Faisal pun mengangkat kembali tulisannya enam tahun lalu mengenai proyek sepur kilat tersebut. "Proyek mubazir ini sudah ditengarai bermasalah sejak awal. Berikut tulisan saya persis 6 tahun lalu," ujar Faisal, Jumat, 4 September 2021.
Baca Juga:
Proyek kereta cepat belakangan menjadi sorotan lantaran biayanya membengkak sekitar US$ 1,9 miliar atau Rp 27,17 triliun dari proyeksi awal US$ 6,07 miliar menjadi Rp 113,9 triliun. Akibat melarnya biaya proyek ini, konsorsium Indonesia pun diprediksi harus menanggung beban tambahan sebesar Rp 4,1 miliar, yang diusulkan dibiayai oleh suntikan Penyertaan Modal Negara 2022.
Enam tahun lalu, pada 2015, Faisal Basri telah mengkritisi rencana pembangunan kereta kencang Jakarta-Bandung. Menurut dia, penyediaan kereta berkecepatan 350 kilometer per jam dari Ibu Kota ke Bandung itu tidak sangat tidak mendesak.
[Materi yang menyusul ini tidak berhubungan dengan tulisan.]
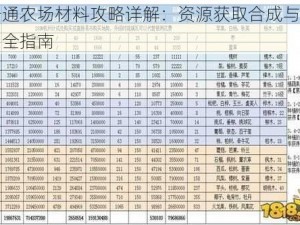 卡通农场材料攻略详解：资源获取合成与利用全指南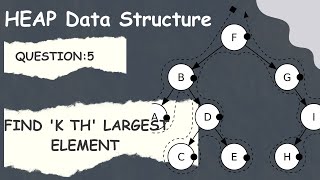 Find the Kth Largest Element || Question-5|| heap datastructure
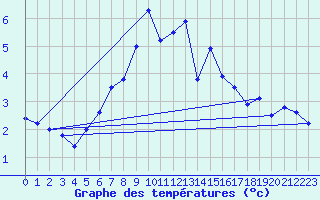 Courbe de tempratures pour Reimegrend
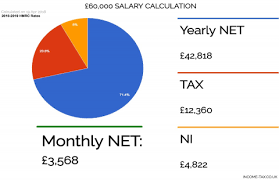 How and when do i pay my supplier? How Much Tax Do I Pay On 60000 Income Tax Walls
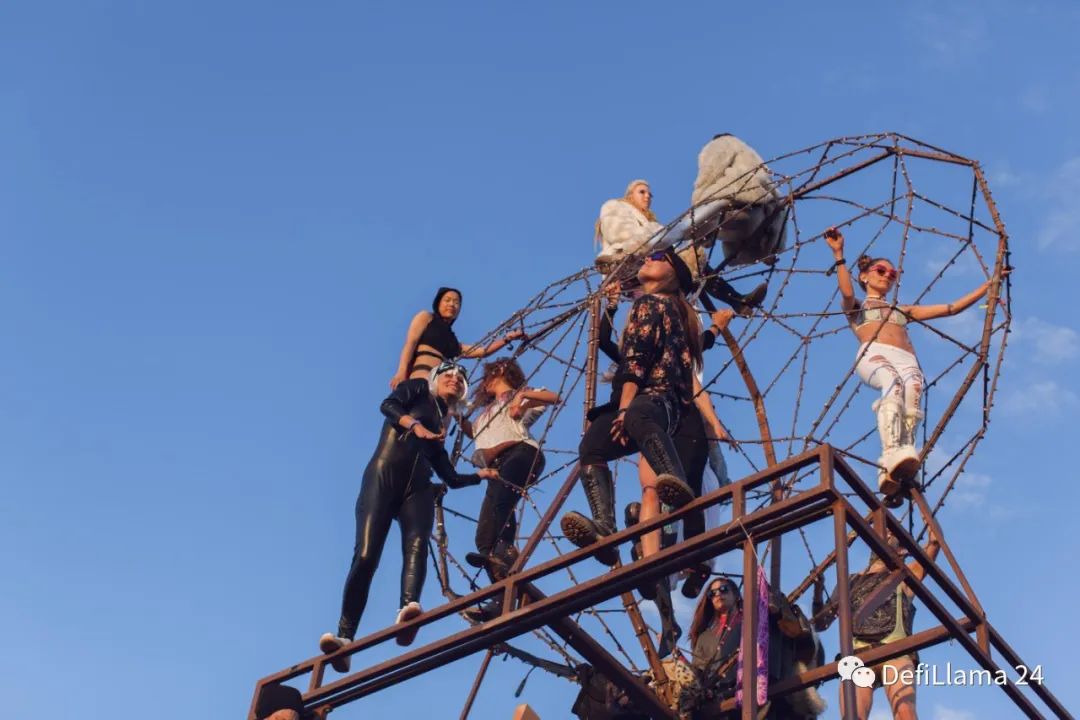 深度思考：TGate.ion和DAO能为医学做什么？1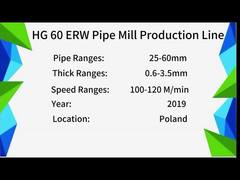Hoogfrequent gelaste pijpenfabriek, koolstofstaal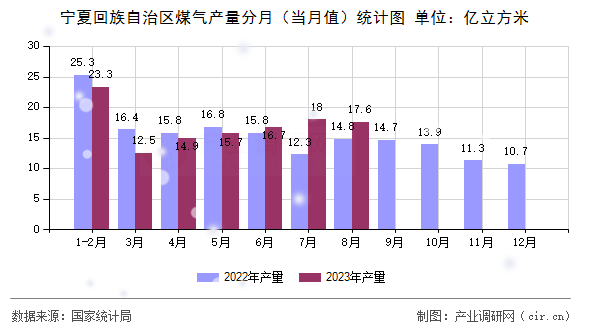 寧夏回族自治區(qū)煤氣產(chǎn)量分月（當(dāng)月值）統(tǒng)計(jì)圖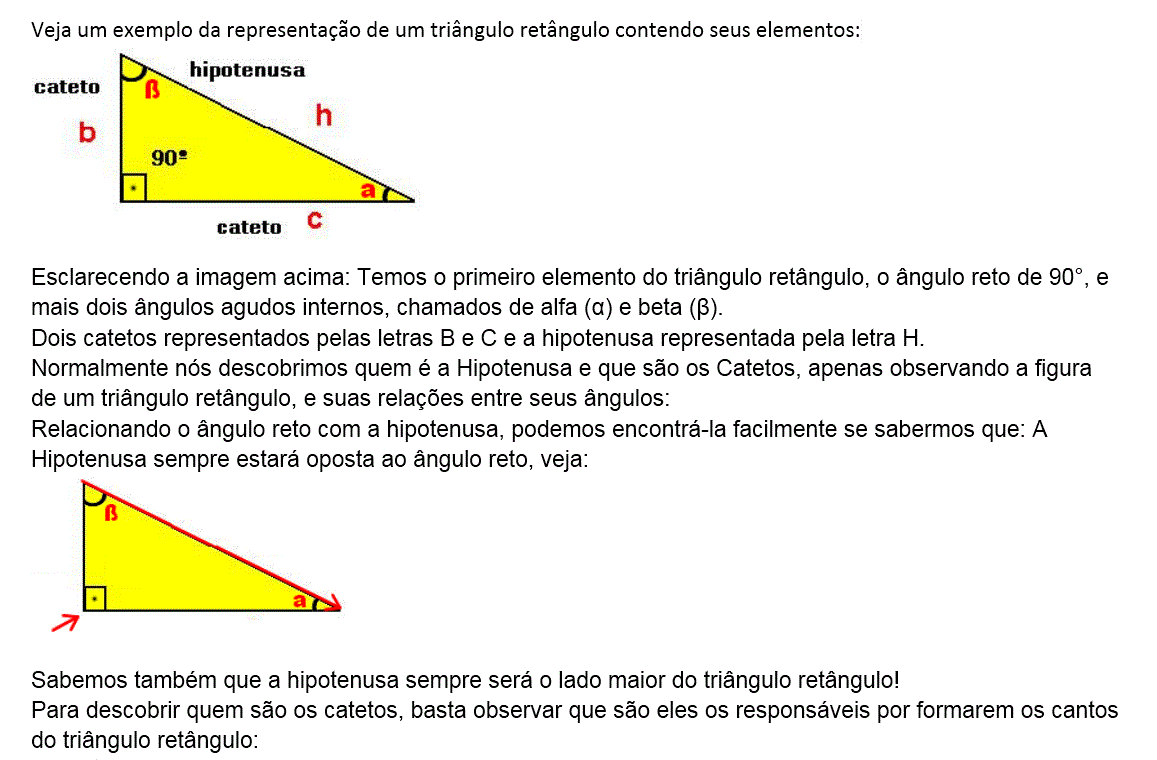 elementos do triângulo retângulo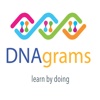 DNAgrams
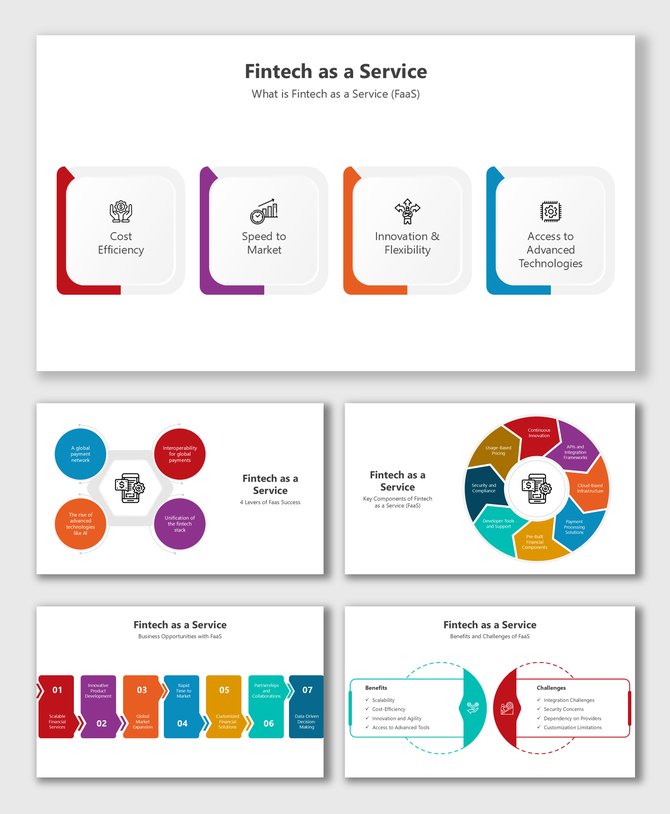 Modern slides explaining Fintech as a Service with benefits, components, opportunities, challenges, and infographic visuals.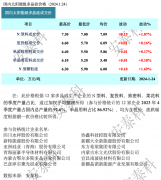 光伏周报：牧原股份成立光伏发电公司 石英股份净利润预增3.5至4倍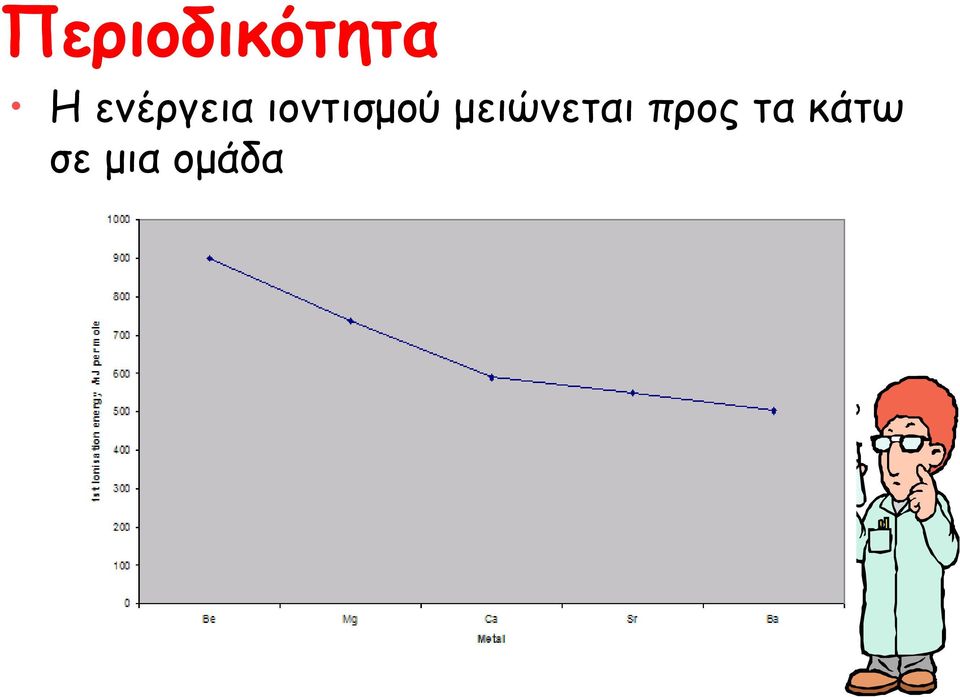 ιοντισμού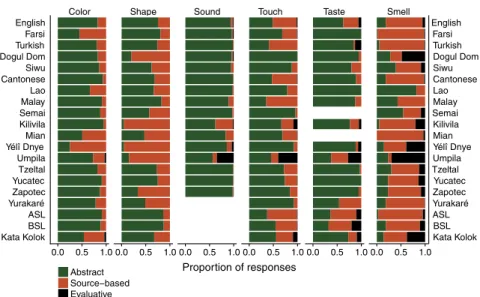 Fig. 5. Strategies for describing perceptual stimuli across languages. For each domain and language, the proportion of abstract, source-based, and evaluative responses are plotted.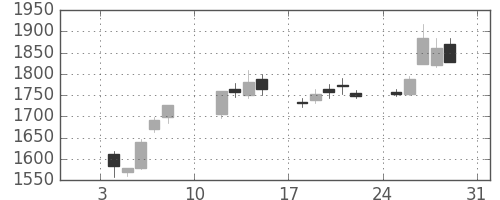 ガイシの日足チャート(2021年1月)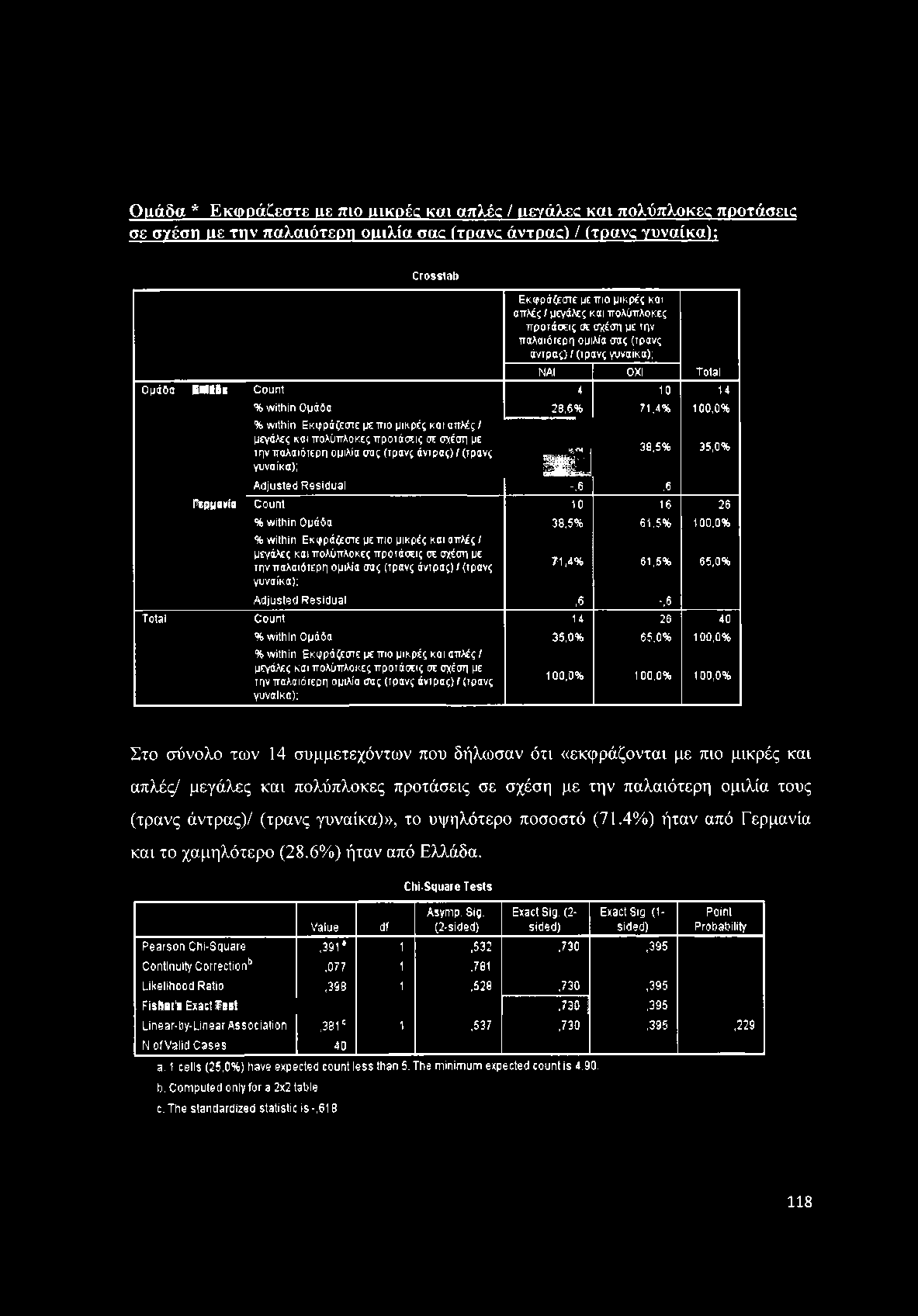 Ομάδα * Εκφράζεστε με πιο μικρές και απλές / μεγάλες και πολύπλοκες προτάσεις σε σγέση με την παλαιότερη ομιλία σας (τρανς άντρας) / (τρανς γυναίκα); C rosstab Εκφράζεστε με πιο μικρές και απλές /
Musababnya, ia mengatakan pilihan moda transportasi untuk menuju Ibu Kota Provinsi Jawa Barat dari Jakarta sudah banyak. Misalnya saja dengan kendaraan pribadi, travel, bus, kereta, hingga pesawat. Waktu tempuhnya pun bervariasi, paling cepat 20-25 menit menggunakan pesawat, hingga sekitar tiga jam menggunakan kereta.
Kereta cepat ditargetkan sekitar 45 menit. Sehingga, menurut perkirakaan dia kehadiran kereta kilat ini hanya mengirit waktu 2 jam 15 menit dibandingkan dengan kereta api Parahyangan atau 1-1,5 jam lebih cepat dibandingkan dengan kendaraan pribadi atau travel tanpa macet.